Thursday, October 29, 2020

The USSR Died Because Soviet Citizens Ceased to Believe Its Message, Mirovich Says

Paul Goble

            Staunton, October 27 – Debates about the causes of the collapse of the USSR and its disintegration continue unabated. Maksim Mirovich, a contrarian blogger, argues that the real reason is that for a variety of reasons, the explanation for what happened in 1991 is relatively simply: the Soviet Union was an ideocratic state, and its population simply ceased to believe.

            In a new post, he makes four points: First, Soviet ideology itself, something that had taken on the form of a civil religion, no longer was credible for the increasingly educated and urbanized population of the USSR. They dismissed it and simply ceased to believe (newizv.ru/article/general/26-10-2020/prosto-perestali-verit-v-chem-nastoyaschaya-prichina-kraha-sssr).

            Second, Soviet citizens for the first time ever were able to draw comparisons between their own lives and those of people in the West. Moscow’s insistence that they were better off than anyone else was shown to be a myth as people read more or came into contact with the West with the spread of information about it on television and in the streets.

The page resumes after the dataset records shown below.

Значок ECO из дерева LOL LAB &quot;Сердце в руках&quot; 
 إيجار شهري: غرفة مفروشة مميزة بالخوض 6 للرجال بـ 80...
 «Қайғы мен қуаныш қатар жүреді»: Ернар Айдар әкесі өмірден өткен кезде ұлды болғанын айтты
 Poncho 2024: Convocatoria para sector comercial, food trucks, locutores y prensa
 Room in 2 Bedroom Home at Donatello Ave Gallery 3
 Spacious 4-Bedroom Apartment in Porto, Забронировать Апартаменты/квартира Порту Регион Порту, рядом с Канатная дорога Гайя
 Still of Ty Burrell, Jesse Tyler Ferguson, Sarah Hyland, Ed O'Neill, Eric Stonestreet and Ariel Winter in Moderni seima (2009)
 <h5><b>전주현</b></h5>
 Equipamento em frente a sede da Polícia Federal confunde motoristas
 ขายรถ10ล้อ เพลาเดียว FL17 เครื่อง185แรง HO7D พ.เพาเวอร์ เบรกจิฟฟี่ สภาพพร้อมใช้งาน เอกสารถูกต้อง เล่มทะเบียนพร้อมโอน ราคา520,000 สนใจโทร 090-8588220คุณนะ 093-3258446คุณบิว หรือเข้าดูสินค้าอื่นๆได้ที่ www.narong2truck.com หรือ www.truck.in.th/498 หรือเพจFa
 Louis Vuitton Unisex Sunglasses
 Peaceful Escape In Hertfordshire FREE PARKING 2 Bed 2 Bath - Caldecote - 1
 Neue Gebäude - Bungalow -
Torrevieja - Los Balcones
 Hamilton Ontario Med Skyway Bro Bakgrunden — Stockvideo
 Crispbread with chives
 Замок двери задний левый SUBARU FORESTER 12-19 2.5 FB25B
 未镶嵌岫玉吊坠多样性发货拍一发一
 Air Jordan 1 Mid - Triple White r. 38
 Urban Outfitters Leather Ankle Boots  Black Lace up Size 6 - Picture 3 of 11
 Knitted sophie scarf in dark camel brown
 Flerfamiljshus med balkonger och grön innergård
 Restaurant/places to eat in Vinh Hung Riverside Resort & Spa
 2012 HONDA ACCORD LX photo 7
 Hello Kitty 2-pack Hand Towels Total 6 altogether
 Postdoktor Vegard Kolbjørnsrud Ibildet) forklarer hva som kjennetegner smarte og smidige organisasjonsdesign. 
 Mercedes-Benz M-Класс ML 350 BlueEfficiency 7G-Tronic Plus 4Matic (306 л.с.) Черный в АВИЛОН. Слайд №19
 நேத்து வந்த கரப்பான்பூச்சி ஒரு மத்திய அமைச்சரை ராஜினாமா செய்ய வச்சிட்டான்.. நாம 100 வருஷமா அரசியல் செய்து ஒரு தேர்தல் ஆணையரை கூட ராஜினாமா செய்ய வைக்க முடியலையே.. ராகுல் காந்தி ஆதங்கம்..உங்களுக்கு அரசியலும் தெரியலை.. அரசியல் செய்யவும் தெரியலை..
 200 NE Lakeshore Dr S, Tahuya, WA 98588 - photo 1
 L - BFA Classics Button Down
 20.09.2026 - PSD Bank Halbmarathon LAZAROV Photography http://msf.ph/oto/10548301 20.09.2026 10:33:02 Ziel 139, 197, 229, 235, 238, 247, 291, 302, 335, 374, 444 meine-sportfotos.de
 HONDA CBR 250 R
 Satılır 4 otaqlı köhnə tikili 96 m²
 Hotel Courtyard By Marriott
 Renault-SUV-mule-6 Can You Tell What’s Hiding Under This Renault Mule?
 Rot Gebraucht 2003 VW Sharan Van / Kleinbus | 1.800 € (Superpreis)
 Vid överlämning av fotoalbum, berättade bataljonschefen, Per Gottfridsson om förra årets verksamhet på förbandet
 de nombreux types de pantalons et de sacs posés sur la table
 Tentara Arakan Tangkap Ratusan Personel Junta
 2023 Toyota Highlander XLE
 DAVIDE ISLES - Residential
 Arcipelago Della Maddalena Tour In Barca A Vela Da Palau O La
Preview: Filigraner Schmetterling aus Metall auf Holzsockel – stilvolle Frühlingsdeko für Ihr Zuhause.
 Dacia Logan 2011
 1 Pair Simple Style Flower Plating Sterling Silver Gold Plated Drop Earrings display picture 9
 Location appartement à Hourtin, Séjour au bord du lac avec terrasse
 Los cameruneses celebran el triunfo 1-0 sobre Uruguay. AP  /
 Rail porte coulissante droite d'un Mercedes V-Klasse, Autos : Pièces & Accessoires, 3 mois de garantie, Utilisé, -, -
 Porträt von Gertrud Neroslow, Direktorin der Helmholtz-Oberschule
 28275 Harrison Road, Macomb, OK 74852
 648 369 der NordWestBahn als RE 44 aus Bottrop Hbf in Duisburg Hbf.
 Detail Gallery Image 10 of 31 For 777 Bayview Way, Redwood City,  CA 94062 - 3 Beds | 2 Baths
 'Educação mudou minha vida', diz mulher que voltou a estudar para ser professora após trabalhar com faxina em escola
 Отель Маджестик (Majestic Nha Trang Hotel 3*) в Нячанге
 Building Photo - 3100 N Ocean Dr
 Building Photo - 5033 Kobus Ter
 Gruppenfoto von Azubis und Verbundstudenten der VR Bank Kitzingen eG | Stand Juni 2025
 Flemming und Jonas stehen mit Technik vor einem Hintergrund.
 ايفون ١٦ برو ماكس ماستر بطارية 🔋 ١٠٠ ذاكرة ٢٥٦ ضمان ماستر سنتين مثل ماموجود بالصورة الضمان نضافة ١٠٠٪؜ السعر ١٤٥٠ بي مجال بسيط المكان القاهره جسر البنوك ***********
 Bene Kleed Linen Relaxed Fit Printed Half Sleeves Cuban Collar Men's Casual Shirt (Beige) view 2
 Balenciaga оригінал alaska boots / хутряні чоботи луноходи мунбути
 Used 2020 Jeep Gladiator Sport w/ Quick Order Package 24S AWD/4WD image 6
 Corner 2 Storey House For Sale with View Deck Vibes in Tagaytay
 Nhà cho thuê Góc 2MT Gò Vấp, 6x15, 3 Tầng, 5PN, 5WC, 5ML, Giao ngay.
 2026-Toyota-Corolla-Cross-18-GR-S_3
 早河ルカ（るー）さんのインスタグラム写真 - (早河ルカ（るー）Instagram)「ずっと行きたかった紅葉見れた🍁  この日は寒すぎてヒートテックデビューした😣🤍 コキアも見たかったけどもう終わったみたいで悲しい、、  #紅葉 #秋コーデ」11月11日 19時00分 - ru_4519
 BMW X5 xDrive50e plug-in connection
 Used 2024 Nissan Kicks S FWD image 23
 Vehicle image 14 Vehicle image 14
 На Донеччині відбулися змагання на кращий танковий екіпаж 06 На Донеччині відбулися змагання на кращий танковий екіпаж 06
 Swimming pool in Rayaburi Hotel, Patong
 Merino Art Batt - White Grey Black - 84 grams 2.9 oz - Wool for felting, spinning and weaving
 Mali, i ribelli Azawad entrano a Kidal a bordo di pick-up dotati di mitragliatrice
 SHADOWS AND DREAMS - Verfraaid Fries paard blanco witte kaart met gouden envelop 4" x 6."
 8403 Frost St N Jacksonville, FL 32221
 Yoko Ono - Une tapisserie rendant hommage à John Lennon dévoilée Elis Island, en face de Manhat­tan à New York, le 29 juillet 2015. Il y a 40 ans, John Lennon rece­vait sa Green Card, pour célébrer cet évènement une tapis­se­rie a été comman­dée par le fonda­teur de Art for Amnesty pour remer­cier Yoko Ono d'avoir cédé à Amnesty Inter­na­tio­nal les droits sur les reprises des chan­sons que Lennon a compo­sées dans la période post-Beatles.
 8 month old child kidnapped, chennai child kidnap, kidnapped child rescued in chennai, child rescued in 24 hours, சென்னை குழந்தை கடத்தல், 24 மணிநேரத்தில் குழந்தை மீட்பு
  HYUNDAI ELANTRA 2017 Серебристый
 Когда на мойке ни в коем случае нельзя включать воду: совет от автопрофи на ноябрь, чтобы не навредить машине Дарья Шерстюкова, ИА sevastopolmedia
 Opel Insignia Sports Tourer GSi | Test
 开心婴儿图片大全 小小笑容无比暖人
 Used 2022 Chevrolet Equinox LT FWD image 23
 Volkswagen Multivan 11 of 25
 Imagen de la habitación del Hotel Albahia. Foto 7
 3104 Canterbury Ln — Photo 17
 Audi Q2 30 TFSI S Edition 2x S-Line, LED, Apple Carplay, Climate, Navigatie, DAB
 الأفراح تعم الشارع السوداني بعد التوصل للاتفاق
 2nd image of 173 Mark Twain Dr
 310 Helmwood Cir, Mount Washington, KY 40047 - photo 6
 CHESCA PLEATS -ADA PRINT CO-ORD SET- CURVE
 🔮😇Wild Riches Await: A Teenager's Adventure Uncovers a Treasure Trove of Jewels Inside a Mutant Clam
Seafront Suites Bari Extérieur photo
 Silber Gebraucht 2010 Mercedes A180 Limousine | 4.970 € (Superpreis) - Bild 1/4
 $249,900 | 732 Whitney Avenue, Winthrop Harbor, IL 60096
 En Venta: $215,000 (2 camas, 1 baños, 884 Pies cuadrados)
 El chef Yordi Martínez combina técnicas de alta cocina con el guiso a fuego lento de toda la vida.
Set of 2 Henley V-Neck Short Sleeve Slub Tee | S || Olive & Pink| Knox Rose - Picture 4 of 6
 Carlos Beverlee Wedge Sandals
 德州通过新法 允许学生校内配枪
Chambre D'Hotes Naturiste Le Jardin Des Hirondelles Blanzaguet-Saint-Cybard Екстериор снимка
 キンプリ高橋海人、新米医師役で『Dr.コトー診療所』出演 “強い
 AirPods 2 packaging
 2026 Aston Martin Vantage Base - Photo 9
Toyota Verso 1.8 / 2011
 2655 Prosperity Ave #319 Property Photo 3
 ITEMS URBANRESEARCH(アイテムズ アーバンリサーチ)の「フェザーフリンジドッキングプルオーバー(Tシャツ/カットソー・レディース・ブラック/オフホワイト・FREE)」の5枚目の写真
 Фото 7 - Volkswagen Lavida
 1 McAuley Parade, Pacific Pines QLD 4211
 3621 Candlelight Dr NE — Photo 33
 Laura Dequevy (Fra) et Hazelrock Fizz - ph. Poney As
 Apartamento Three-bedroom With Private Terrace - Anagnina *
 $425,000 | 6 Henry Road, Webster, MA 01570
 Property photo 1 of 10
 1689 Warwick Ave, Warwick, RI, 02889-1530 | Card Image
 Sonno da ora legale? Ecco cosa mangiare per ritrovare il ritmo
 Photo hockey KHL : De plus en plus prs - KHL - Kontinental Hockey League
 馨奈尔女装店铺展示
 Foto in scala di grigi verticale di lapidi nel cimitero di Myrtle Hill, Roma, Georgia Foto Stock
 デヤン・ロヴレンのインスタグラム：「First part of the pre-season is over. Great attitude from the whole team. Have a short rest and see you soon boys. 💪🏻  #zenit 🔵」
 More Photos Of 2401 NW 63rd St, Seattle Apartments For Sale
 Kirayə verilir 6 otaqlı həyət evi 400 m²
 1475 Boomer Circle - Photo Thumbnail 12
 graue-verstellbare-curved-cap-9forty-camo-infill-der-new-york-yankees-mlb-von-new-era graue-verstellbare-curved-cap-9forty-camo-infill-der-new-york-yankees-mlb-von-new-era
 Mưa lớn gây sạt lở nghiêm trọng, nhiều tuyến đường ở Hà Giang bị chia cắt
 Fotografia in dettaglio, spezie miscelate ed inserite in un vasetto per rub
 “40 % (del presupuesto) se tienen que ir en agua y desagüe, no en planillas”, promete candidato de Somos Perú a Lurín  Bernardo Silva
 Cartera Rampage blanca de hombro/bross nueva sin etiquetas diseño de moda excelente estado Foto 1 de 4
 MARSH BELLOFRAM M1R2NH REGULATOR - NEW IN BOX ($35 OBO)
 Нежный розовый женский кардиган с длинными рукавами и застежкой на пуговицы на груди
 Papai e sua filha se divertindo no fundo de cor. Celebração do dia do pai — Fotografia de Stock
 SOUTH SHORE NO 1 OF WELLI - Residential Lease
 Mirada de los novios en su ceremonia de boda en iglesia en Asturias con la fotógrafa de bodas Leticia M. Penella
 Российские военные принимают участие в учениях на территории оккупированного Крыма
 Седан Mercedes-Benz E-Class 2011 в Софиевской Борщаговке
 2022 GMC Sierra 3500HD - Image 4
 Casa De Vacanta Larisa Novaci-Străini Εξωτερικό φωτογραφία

            Third, Mirovich says, the regime itself committed suicide by changing its message from specifically Soviet to one based on “all human values.” If the USSR was not special but rather a country like any other, there was no reason for its residents to support a regime that was keeping them in poverty.

            And fourth, at the end of Soviet times, “a boom” in the spread of information replaced the deficit which Soviet citizens had experienced from the 1920s to the 1950s. People knew more about what was happening elsewhere but also more about what was happening in their own country. That gave them a chance to independently evaluate the situation.

            For these four reasons, which constitute “the arrival of an information society,” the Soviet Union could not survive. By the end, no one believed in it anymore, and as the events of 1991 showed, only a microscopic handful of people were prepared to try to defend what had become indefensible.